As things have gotten closer to the time I am supposed to leave a little problem has popped up. I am short on tuition money. I have been working like a mad woman to try and figure out how I am going to come up with it. So far, nothing has worked. Now I could look at this as a stumbling block or I could look at as a stepping stone. To be honest, I have looked at it as a stumbling block. I have been angry and bitter. I have been mad because things have worked fairly well well for my friend. I wondered what I did wrong to have it fall apart. I got really sick of hearing "everything will work out the way it is supposed to" and "you just have to trust Heavenly Father" and "you just need to have a better attitude". Truth is, I felt like a failure. I felt like I had let everyone down and I felt like everyone was going to look at me like I was just lying to them.

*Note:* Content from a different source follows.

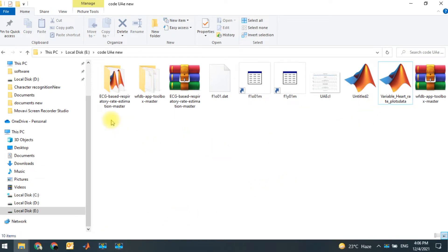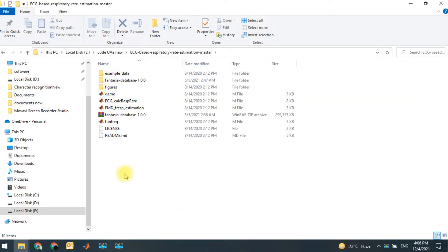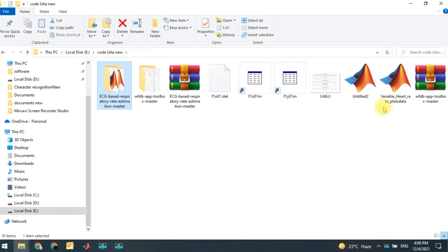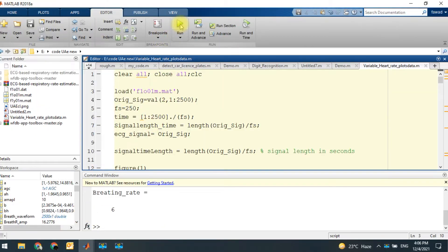This is a code for heart rate variability measurement for cardiac patients. I'm going to run the code and you will see the result.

Deep down I knew the things everyone was telling me were true. I know that Heavenly Father has a plan for me. Do I know it is??? Nope. Does my faith falter??? Yup. Do I still get angry when I think about it sometimes??? Yup! Am I perfect??? Nope, no where close even. I am trying to go off the idea now that this is a stepping stone and not a stumbling block. I am trying to have faith that Heavenly Father has a reason for it not to work out for me right now. I am trying to trust Him and put it all in His hands. I am trying...
Monday, July 18, 2011
28 things I've learned... and a few I haven't.

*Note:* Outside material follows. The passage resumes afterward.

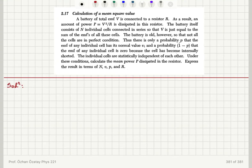Calculation of a mean square value. A battery of total EMF, capital V, is connected to a resistor R. As a result, an amount of power P equal to V squared over R is dissipated in this resistor. The battery itself consists of capital N individual cells connected in series, so that V is equal to the sum of EMFs of all these cells.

So here are the things I've learned...
- No matter how hard I try or how much I want, I will never be just like my sister and that is okay.
- Those times when your mom seems like more than you can handle, just remember that everything she does is because she loves you. Hers is a thankless job with long hours and bad pay, so go easy on her and tell her you love her often.

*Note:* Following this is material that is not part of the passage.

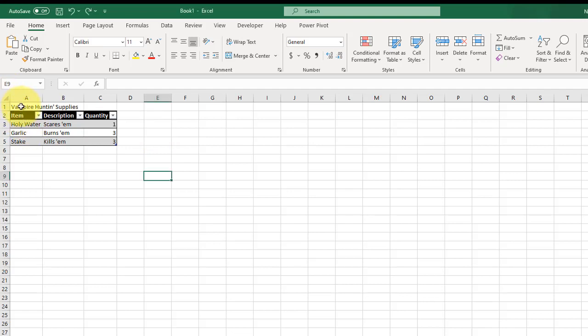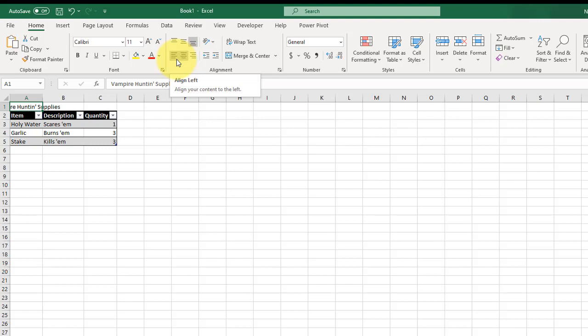So you can see I've got it in cell A. If I try to center it, it centers it in cell A, which is not what I'm after. But if I merge these cells,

- You will have many best friends throughout your life. Each one will bring something special to the table.
- Friends change and grow. Just because you don't spend as much time together doesn't mean you aren't friends.
- being an adult sometimes sucks. It is no where near as fun as Hollywood makes it seem.
- Disneyland can make anyone, no matter their age, feel like a child.
- Flying a kite and doing kitchen science projects will always be more fun than watching tv or playing video games.
- Sometimes it's okay to fight. As long as it is a fair fight.
- Bad self esteem isn't something that you can improve instantly. It took a long time to build bad self esteem. Logic says it will take a while to fix it.
- I can so anything I want as long as I don't give up.
- I am a cryer. It doesn't take a lot to make me cry and once I start it is sometimes difficult to stop.
- You can't force change on anyone. If someone doesn't want to change they never will.
- Some of the toughest people I know have the biggest hearts. Proving once again that you can't judge a book by it's cover.
- My family is AWESOME. How many other people will dress up like Harry Potter characters and go out in public looking silly.
- A nine year old boy is great entertainment even though slightly annoying at times.
- Birthdays aren't as much fun as an adult as they are as a kid.
- I am way better than I give myself credit for.
- I may not be the prettiest, smartest, or the most talented, but I am a daughter of God. A Heavenly Father who loves me just the way I am.
- I am glad I have a good relationship with my siblings. I would be very sad if I didn't.
- If you ever feel invisible or forgotten just post your birthday on Facebook. Then people come out of the woodwork to wish you happy birthday.
- I don't have to be popular. I just have to be me.
- There is always going to be something that stirs in my heart when I see a flag waving in the breeze or a soldier in uniform.
- I will always be a kid at heart.
- I am a nerd. I love books and movies and random useless knowledge.
- My life is made better by all of the wonderful people I know.
- If someone doesn't want you in their life it doesn't mean you should stop trying to include them in yours.
- Despite much protestation I always feel better when I look good.
- Worrying about the future doesn't do anything but give me wrinkles.
There are also some things I haven't learned...
- I haven't learned what it is like to have someone who looks at me and loves me and thinks I am beautiful and wants to spend eternity with.
- I haven't learned what I want to be when I grow up.
- I haven't learned how to be the person the Lord wants me to be or His plan for me.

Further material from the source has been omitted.